## YOUR OBJECTIVE
Return the lines from the start of the data through the line with "Hello everyone, this". Include both of those lines and no others.

## DATA EXTRACT
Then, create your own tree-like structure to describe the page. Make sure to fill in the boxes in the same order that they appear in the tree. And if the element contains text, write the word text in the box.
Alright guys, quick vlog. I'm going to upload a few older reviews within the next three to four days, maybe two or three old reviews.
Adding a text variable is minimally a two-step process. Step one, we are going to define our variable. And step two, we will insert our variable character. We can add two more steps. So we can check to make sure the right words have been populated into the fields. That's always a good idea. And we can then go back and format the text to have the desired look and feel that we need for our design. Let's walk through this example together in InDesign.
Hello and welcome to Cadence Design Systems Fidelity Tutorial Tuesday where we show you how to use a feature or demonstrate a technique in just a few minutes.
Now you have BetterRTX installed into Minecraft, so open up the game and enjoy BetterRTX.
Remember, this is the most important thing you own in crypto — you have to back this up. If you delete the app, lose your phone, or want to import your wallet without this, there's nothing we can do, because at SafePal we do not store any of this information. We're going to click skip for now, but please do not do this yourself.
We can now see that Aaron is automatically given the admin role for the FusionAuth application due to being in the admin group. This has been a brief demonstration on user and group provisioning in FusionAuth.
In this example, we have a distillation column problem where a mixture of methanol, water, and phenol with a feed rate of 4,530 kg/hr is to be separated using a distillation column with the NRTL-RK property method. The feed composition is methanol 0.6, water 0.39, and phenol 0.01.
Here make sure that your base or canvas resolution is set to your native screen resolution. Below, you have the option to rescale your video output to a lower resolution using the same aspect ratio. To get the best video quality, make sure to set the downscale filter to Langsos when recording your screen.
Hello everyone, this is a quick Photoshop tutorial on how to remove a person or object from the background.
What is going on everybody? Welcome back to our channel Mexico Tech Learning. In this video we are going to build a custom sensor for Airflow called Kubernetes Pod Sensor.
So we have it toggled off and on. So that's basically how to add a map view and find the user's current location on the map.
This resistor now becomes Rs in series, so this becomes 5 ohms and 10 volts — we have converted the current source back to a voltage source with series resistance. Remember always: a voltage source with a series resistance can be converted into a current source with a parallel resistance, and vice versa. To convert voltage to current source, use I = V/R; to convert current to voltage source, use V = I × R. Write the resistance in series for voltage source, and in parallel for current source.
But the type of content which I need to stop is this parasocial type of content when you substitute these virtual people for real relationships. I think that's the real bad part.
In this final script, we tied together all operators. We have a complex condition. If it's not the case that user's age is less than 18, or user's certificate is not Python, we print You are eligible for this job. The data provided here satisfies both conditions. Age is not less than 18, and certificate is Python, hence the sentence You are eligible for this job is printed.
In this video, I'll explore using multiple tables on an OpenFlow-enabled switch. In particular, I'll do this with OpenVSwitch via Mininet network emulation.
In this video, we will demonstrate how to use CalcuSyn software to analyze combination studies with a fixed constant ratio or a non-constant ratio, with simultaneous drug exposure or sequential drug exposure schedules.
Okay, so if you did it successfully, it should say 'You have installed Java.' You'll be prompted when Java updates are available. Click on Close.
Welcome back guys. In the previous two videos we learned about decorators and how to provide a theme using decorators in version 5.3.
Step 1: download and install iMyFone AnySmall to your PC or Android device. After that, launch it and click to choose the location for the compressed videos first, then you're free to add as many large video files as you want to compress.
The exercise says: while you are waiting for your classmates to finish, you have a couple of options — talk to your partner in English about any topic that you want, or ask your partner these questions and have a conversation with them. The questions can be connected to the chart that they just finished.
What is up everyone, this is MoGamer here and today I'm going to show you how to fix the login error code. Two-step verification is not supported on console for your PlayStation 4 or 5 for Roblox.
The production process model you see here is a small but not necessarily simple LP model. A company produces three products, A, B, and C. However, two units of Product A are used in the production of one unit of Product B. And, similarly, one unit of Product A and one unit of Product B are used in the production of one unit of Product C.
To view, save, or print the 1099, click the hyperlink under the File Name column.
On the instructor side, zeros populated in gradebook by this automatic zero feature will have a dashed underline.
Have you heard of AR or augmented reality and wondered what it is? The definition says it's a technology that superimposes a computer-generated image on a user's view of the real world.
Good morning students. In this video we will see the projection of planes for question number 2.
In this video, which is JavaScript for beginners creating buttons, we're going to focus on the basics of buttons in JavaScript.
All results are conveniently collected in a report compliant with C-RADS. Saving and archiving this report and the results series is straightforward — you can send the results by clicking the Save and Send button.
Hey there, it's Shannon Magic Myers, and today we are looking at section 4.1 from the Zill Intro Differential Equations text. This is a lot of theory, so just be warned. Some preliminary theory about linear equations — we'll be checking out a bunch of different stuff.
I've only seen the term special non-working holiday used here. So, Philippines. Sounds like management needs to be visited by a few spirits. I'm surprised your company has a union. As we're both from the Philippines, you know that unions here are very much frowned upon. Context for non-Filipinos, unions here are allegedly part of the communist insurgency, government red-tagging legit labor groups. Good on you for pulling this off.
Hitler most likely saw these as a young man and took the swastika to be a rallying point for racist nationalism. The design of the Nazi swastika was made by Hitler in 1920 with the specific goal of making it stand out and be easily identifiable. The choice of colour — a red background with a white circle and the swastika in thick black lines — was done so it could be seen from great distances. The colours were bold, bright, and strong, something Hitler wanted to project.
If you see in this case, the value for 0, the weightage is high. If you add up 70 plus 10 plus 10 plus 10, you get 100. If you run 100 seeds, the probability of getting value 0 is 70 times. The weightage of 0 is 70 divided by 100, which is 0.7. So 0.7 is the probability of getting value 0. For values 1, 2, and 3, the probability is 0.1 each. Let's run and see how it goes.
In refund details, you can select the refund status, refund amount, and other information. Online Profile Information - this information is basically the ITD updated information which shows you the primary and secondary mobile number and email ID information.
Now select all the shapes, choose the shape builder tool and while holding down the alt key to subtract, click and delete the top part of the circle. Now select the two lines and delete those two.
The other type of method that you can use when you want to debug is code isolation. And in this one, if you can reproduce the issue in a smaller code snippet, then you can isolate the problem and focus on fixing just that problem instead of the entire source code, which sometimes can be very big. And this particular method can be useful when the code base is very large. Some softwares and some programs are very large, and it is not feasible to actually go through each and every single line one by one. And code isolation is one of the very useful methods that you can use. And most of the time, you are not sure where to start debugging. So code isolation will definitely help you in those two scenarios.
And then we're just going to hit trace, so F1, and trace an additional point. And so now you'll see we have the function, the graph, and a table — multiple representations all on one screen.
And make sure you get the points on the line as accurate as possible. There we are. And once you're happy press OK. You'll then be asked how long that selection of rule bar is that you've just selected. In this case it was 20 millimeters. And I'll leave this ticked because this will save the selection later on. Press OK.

## EXPECTED ANSWER
Then, create your own tree-like structure to describe the page. Make sure to fill in the boxes in the same order that they appear in the tree. And if the element contains text, write the word text in the box.
Alright guys, quick vlog. I'm going to upload a few older reviews within the next three to four days, maybe two or three old reviews.
Adding a text variable is minimally a two-step process. Step one, we are going to define our variable. And step two, we will insert our variable character. We can add two more steps. So we can check to make sure the right words have been populated into the fields. That's always a good idea. And we can then go back and format the text to have the desired look and feel that we need for our design. Let's walk through this example together in InDesign.
Hello and welcome to Cadence Design Systems Fidelity Tutorial Tuesday where we show you how to use a feature or demonstrate a technique in just a few minutes.
Now you have BetterRTX installed into Minecraft, so open up the game and enjoy BetterRTX.
Remember, this is the most important thing you own in crypto — you have to back this up. If you delete the app, lose your phone, or want to import your wallet without this, there's nothing we can do, because at SafePal we do not store any of this information. We're going to click skip for now, but please do not do this yourself.
We can now see that Aaron is automatically given the admin role for the FusionAuth application due to being in the admin group. This has been a brief demonstration on user and group provisioning in FusionAuth.
In this example, we have a distillation column problem where a mixture of methanol, water, and phenol with a feed rate of 4,530 kg/hr is to be separated using a distillation column with the NRTL-RK property method. The feed composition is methanol 0.6, water 0.39, and phenol 0.01.
Here make sure that your base or canvas resolution is set to your native screen resolution. Below, you have the option to rescale your video output to a lower resolution using the same aspect ratio. To get the best video quality, make sure to set the downscale filter to Langsos when recording your screen.
Hello everyone, this is a quick Photoshop tutorial on how to remove a person or object from the background.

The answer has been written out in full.